De l’escrimeuse tricolore Ysaora Thibus aux championnes de tennis Iga Swiatek ou Simona Halep, nombreux sont les sportifs à solliciter le professeur Jean-Claude Alvarez après un contrôle antidopage positif. RMC Sport est allé à la rencontre de celui qui a réussi à prouver l’innocence de plusieurs athlètes grâce, notamment, à l’analyse capillaire.

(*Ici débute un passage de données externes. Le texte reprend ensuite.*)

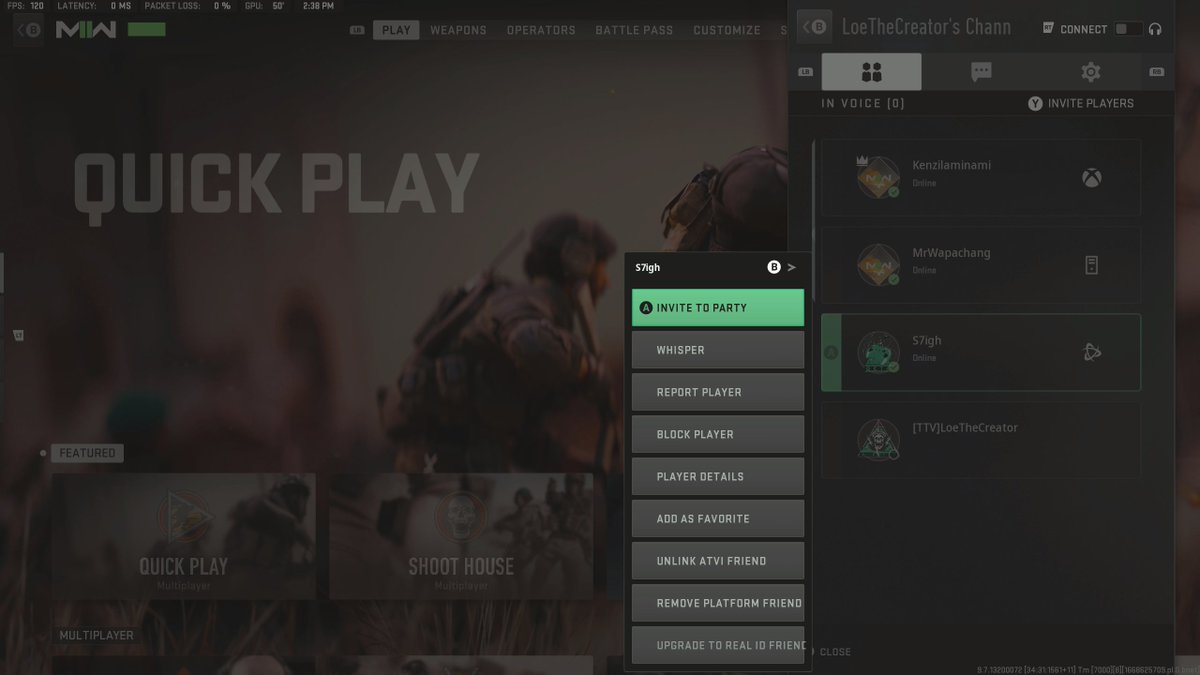 LoeTheCreator's tweet photo. You'll want to go to the channel tab and invite the players in your friendlist to your channel. Once they're there you'll be able to send an invite to them so that they can join your party.  
#MWII #MW2 #Warzone2  #DMZ

If you have questions I'm LIVE --> https://t.co/ruSeUgTeH9 https://t.co/jsP1yp5dm8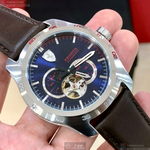 [星晴錶業]FERRARI手錶,44mm,FE00109寶藍色錶面黑錶殼咖啡色真皮皮革錶帶款, , large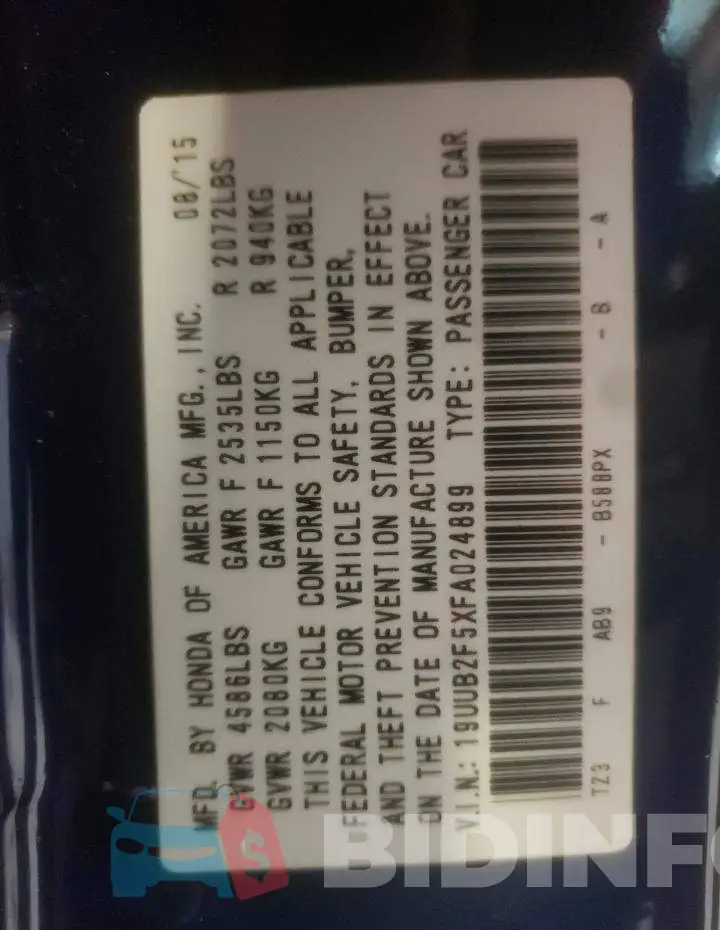 19UUB2F5XFA024899 Photo# 10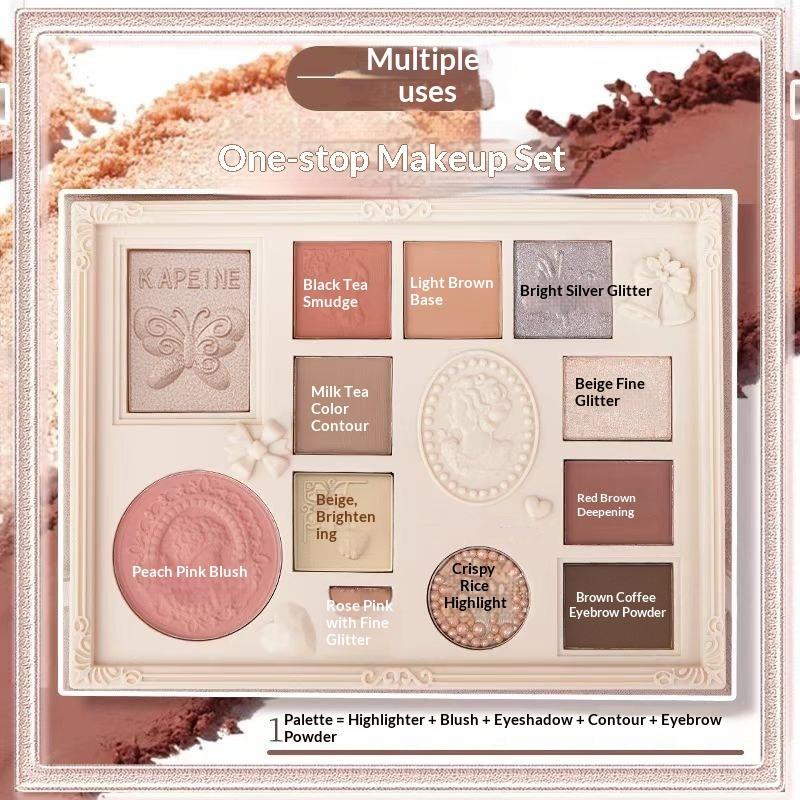 

Capel Lace Eyeshadow Pearlescent Matte Blush Highlight Grooming Aegyo Saliva Integrated Crispy Rice Liquid Eyeshadow Disc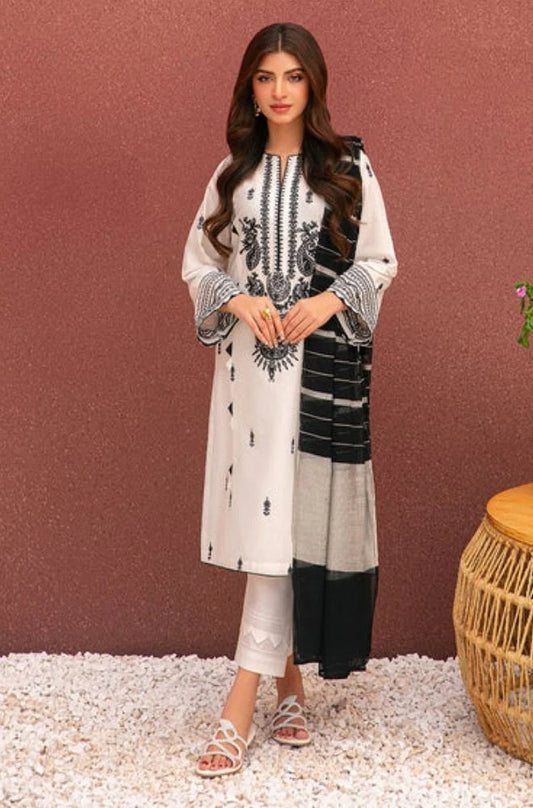 Asim Jofa - 3PC Lawn Embroidered Shirt with Printed Cotton Net Dupatta - FP1021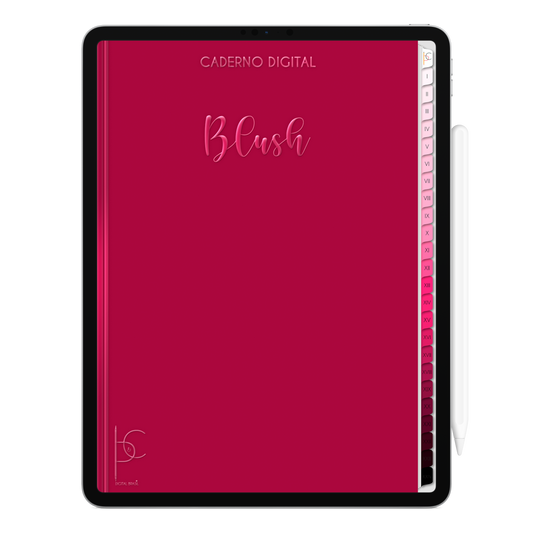 Caderno Digital Blush Mistério 24 Matérias • Para iPad e Tablet Android • Download instantâneo • Sustentável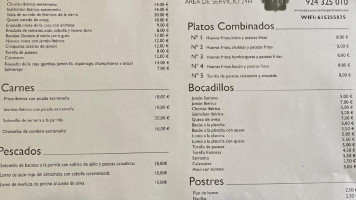Complejo Hostelero Juan Porro menu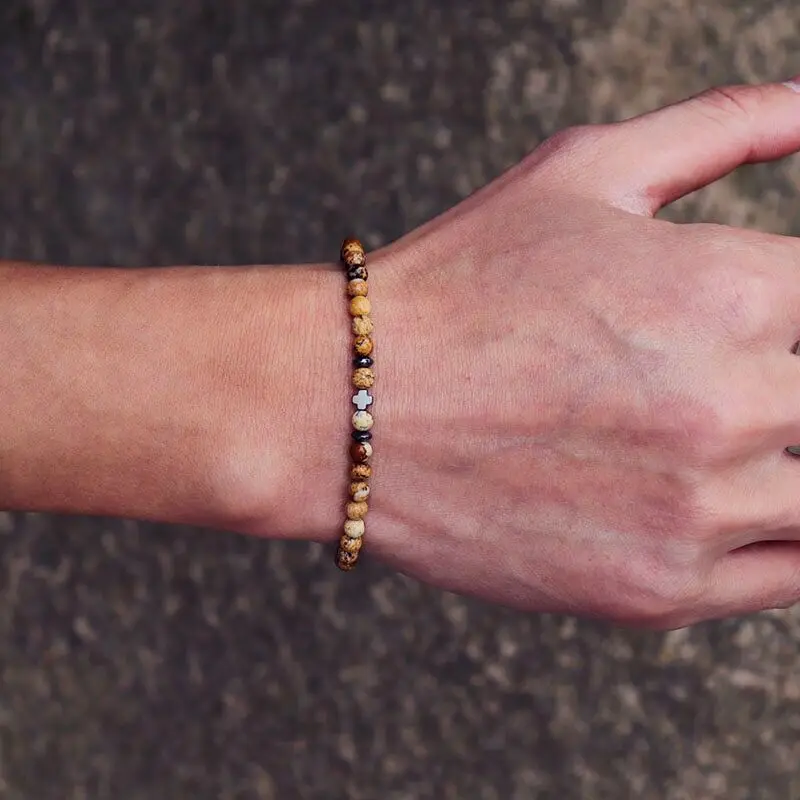 Pulsera de piedra Natural de 4mm para hombre, brazalete cruzado de hematita, cuentas de arroz, regalo para novio, Bracciale Uomo Joias, joyería de Yoga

L’immeuble en briques ne paie pas de mine à première vue. Pourtant au sein de l’hôpital Raymond-Poincaré APHP de Garches, le service de toxicologie du professeur Jean-Claude Alvarez s’est forgé une solide réputation dans le monde de l’antidopage. Son travail a permis de prouver la contamination dans les affaires des joueuses de tennis Simona Halep puis plus récemment Iga Swiatek ou encore la championne du monde 2022 d’escrime Ysaora Thibus. Pour ne citer que ces cas.
“Dans le cadre antidopage, mon travail est simple : tenter de prouver qu’un sportif n’est pas dopé quand je suis convaincu que ce n’est pas du dopage, et montrer que l’on est sur un cas de contamination. C’est-à-dire qu’il a été positif à une substance mais sans l’avoir prise de lui-même. Aujourd’hui nous sommes dans un environnement où nous sommes tous contaminés ou contaminables. L’eau du robinet peut être contaminée par des médicaments, mais vous ne le savez pas. Si je vous fais une analyse d’urine vous serez peut-être désagréablement surpris parce qu’on va trouver des molécules à très faible concentration, du picogramme par millilitre c’est de l’infiniment faible. Cela ne veut rien dire”, présente Jean-Claude Alvarez. Immersion au cœur d’une méthode de pointe de l’antidopage.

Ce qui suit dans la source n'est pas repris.